Hongrie : printemps en décembre
Viktor Orban se réclame aujourd’hui de la « démocratie illibérale ». Mais le terme illibéral s’applique surtout sur les plans politique et sociétal. Il s’exprime par les discriminations contre les minorités, notamment les Roms, un antisémitisme qui ne dit pas son nom. mais qui existe bel et bien, la fermeture des frontières contre les réfugiés, la mise sous tutelle du système judiciaire, la concentration des media entre les mains des proches d’Orban.
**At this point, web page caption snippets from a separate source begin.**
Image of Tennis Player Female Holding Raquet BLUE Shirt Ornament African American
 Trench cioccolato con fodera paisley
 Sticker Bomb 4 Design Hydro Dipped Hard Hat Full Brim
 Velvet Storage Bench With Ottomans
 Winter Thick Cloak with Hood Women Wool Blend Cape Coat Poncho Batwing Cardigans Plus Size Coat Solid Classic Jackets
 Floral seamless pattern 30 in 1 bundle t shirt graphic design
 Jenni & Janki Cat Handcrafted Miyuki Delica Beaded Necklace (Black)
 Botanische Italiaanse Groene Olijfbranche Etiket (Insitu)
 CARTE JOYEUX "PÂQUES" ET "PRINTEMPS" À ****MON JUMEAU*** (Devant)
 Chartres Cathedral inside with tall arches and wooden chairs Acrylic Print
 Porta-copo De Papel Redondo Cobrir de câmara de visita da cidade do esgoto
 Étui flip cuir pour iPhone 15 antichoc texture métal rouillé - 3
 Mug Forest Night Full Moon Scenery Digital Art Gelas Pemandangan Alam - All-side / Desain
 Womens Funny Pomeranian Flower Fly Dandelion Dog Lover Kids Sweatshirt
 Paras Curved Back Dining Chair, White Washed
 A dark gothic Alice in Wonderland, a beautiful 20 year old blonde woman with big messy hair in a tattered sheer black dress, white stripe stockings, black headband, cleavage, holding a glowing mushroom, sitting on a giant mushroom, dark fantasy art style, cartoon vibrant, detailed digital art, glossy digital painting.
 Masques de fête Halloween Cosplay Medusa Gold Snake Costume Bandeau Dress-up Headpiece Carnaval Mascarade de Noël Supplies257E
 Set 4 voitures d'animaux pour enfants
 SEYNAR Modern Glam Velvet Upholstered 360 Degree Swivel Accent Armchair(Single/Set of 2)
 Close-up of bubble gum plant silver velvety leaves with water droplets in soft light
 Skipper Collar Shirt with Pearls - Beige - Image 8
Mais sur le plan économique Orban est bien libéral. En 2012 le Code du travail était modifié dans un sens défavorable aux droits des travailleurs. Le résultat était une stagnation des salaires et une accélération des tendances, déjà présentes, à l’émigration (600,000 départs depuis 2010), créant à terme une pénurie de la force de travail. Pour des raisons idéologiques, Orban ne voulait pas recourir à l’immigration. Il fallait donc faire travailler encore davantage la force de travail existante. C’était la motivation d’un amendement au Code du travail voté par le Parlement le 12 décembre et signé par le Président le 20. Vite nommée « loi esclavagiste », le résultat en est que les employeurs ont le droit d’exiger 400 heures supplémentaires par an (au lieu de 250) en accordant aux entreprises un délai de paiement maximum de 36 mois (au lieu de 12). Un rêve pour le patronat, bien accueilli par l’industrie automobile, qui représente 30 % de la production industrielle en Hongrie et 15% du PIB, et qui est dominée par les grandes multinationales allemandes. Il existe déjà des usines Mercedes, Audi et Opel, et BMW est en train de s’installer à Debrecen. Elles font partie des chaînes de production qui couvrent aussi d’autres pays d’Europe centrale, notamment en Slovaquie et en République tchèque. L’industrie automobile en Hongrie emploie 120,000 personnes directement, 250,000 en comptant les fournisseurs.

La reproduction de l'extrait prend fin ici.